Professor e pesquisador da Faculdade de Direito da Universidade Federal da Bahia (Ufba), o advogado e analista político Samuel Vida, que já foi filiado ao PT, concedeu entrevista ao jornal Tribuna da Bahia.
Confira:
Tribuna – O senhor tem sido bastante crítico à esquerda baiana. O que senhor pensa sobre a esquerda na Bahia?
Samuel Vida – É sempre perigoso generalizar críticas ou elogios, tendo em vista grupos que são heterogêneos. Quando a gente está falando de esquerda, a gente está falando espectro bastante heterogêneo de agrupamentos políticos que vão do PT, passando pelo PSB, PCdoB, chegando ao PSOL, PSTU. Eu não generalizaria sobre a esquerda, sem fazer essa distinção. Eu preciso focar em uma análise da esquerda que está no governo da Bahia. Aquela que, ao longo dos últimos 17 anos, tem se apresentado como gestora, como proponente de um projeto, de um programa, implementadora de uma política pública no estado da Bahia.

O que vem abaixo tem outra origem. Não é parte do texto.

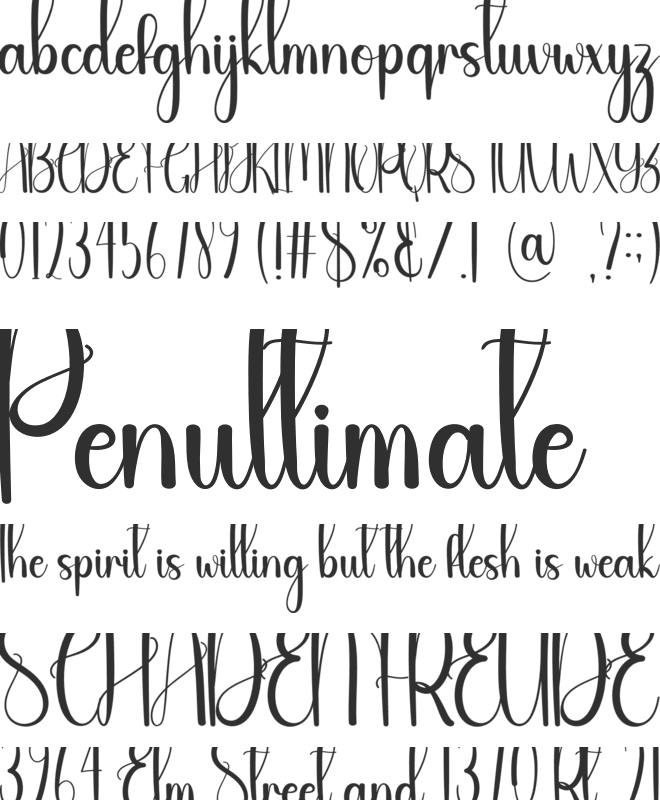 Bible Study font preview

Tribuna – Muita gente tem dito a esquerda que está no poder da Bahia parece muito com o carlismo. O senhor concorda?
Samuel Vida – Acho que essa é uma crítica também generalizada que pode ter elementos de consistência e de distinção. O carlismo foi uma força política historicamente determinada por dimensões do que vivia a sociedade brasileira. O carlismo se desenvolveu à sombra da Ditadura Militar, se favoreceu de uma dinâmica política extremamente conservadora que vigorava no país. Isso, por exemplo, como parâmetro para buscar semelhanças com as forças que estão no governo atual. O carlismo atuou de forma de autoritária, com política centralizadora, política que poderíamos chamar genericamente de coronelista. Havia um chefe supremo que detinha o controle total e que colocava a sua vontade. Nesse aspecto, a gente já começa a ter algumas aproximações especialmente na gestão de Rui Costa, que deu evidências muito grandes de uma lógica autoritária e centralizadora no chefe. Tão poderosa que permite indicar a mulher para o Tribunal de Contas [dos Municípios]. Esse episódio tem uma evidência muito grande que as forças políticas atualmente no governo desenvolveram traços patrimonialistas ajustadores. Muito similares ao que o carlismo no passado seguia.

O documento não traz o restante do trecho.